The error model for Microsoft's Midori project (2009-2013) 
<http://joeduffyblog.com/2016/02/07/the-error-model/>  is  a Nice Link

On Friday, November 4, 2016 at 5:45:39 AM UTC-4, Tamas Papp wrote:
>
> I figured it out (posting the solution for the archives, and possibly 
> for comments). Reading the Julia issues about exceptions, I came across 
> a blog post about the Midori error model [1], and also some discussions 
> on how exceptions are not the way to handle errors which are not 
> bugs.
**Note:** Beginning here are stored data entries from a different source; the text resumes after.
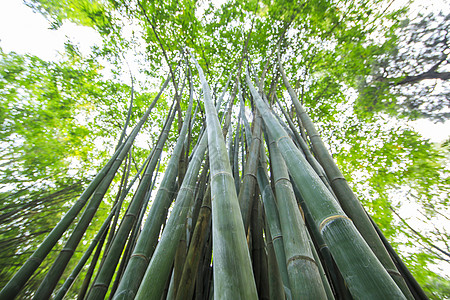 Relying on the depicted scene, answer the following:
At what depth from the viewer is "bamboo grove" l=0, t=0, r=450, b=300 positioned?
28.4 inches

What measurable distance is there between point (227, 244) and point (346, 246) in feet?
1.20

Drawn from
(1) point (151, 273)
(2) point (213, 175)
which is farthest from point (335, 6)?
(1) point (151, 273)

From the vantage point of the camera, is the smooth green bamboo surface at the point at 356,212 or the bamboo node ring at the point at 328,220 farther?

So I realized I need a version of parse that returns a 
> Nullable, then found it that it already exists (tryparse). 
>
> So here is my solution (for the self-contained stylized example, the 
> actual code is much more complex): 
>
> parsefield{T <: Real}(::Type{T}, string) = tryparse(T, string) 
>
> function parsefile(io, schema) 
>     line = 1 
>     while !eof(io) 
>         strings = split(chomp(readline(io)), ';') 
>         values = parsefield.(schema, strings) 
>         function checked(column, value) 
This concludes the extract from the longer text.